All death sequences were cut down significantly in order to avoid an X-rating. Dan's original motorcycle death was longer and contained much more gore. Many sequences showing Dan's face racked in pain were cut, along with his screams and Freddy's laughter. Scenes which are seen on screen for only seconds are minutes long on film. The entire sequence is much longer, and the timing of Freddy's quips are different. Greta's dinner scene was also edited. Originally, Freddy filleted the Greta-doll with the claw-glove causing it to spurt blood everywhere and then force-fed her its innards. Shots of the guests laughing were cut. Also, after Freddy said, "You are what you eat," she looked down and realized he had gutted her and was feeding her mush from her own stomach. This explains why the Greta-doll in Mark's dream is bleeding from its torso. Finally, Mark's demise was also cut. As Freddy shreds the paper in the unrated release, his face is animated and shows him screaming along to his cries of pain until Freddy cuts his paper head off. While not making the final cut, all three scenes can be viewed unedited in the original unrated release.


Amanda Krueger: Your birth was a curse on the whole of humanity.
[Freddy hisses]
Amanda Krueger: I will not allow it to happen again. You brought me back to give you life, but now I must take yours.
Freddy Krueger: We'll see, bitch. We'll just see.
Top:   The spirit of Amanda Krueger (Beatrice Boepple) returns to confront
her evil son!;   Above:   Amanda finally manages to trap Freddy... at a cost!

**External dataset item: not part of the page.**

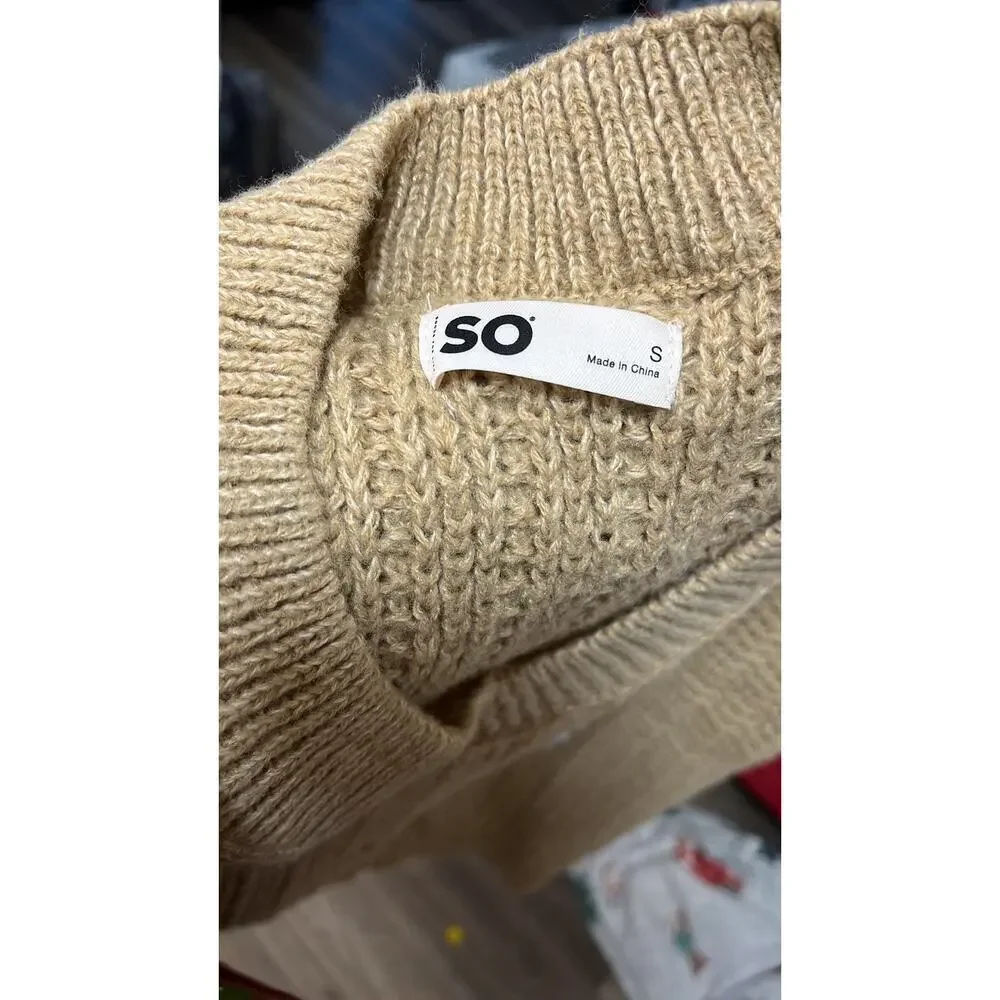 Last One! NWT SO Cable Knit Yarn Sweater Sz M Tan Camel - Picture 8 of 8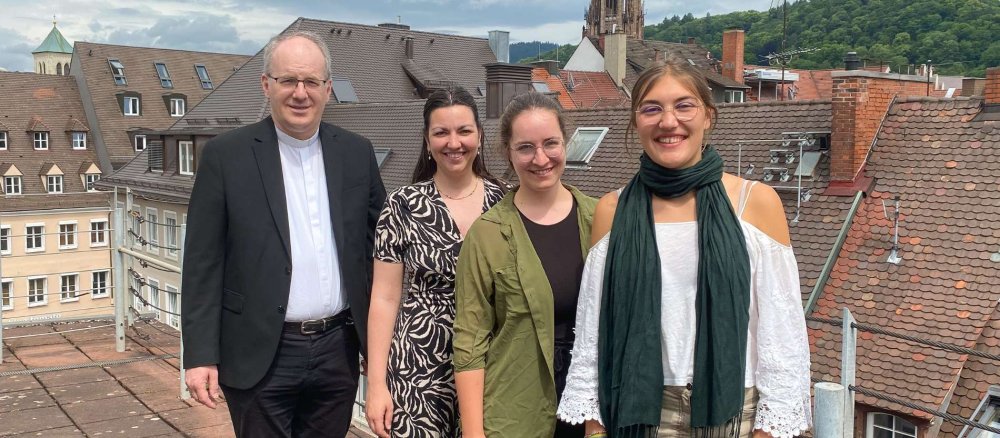 Weihbischof Christian Würtz mit Stephanie Gans, Lisa Baumeister und Vera Fath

Released after just eight short weeks of post production, Dream Child would prove a commercial disappointment, becoming the lowest grossing movie in the franchise at $22 million (it would later be beaten by Wes Craven's New Nightmare in 1991, with figures of a little over $18 million at the box office). Despite the filmmakers intentions, critics and fans didn't want their favorite dream killer tackling mature issues like single motherhood, and a confusing plot caused by the incomplete scripts did not help either! Caryn James of The New York Times wrote that the film "doesn't pretend to be anything more than it is - a genre film that won't totally insult your intelligence or your eyes". Time Out reviewed Dream Child as "a flimsily plotted but visually impressive addition to the endless Freddy Krueger saga", and the TV Guide writing, "Director Stephen Hopkins does an imaginative job in visualizing the bizarre, freely associative nightmares and produces some memorably surrealistic scenes". In an interview posted on Nightmare on Elm Street Companion, Lisa Wilcox praised Nightmare 5's Gothic tone, but also pointed out that several scenes and parts of the film's plot perhaps are too sensitive for the audiences, and even Robert Englund stating that Dream Child was his least favorite film in the series next to Freddy's Revenge and Freddy's Dead.


TRIVIA:   Both horror author Stephen King and comic book writer Frank Miller were offered the job of writing and directing this movie.
Top:   Special Make-Up Effects Artist R. Christopher Briggs applies
final touches to the "iron man" for Dan's death scene;
Above:   Director Stephen Hopkins with Robert Englund 


With this reaction to Dream Child, perhaps is was no surprise that the next film in the series would also be intended to be it's last; Freddy's Dead: The Final Nightmare. Directed by longtime Nightmare series associate producer Rachel Talalay, Freddy's Dead would star a new crop of upcoming teen actors, including Breckin Meyer, with veteran performers Lisa Zane, Yaphet Kotto and Englund himself (including a host of cameos, with Roseanne Barr, Tom Arnold, and Alice Cooper). With the final nail in Freddy's coffin, many believed Krueger was gone for good, until his original creator, Wes Craven decided to resurrect him one more time for Wes Craven's New Nightmare (1994), and bring back the original star, Heather Langenkamp playing a fictionalized version of herself. Like Dream Child, New Nightmare would also have strong themes of motherhood and protecting their children from Freddy's clawed clutches!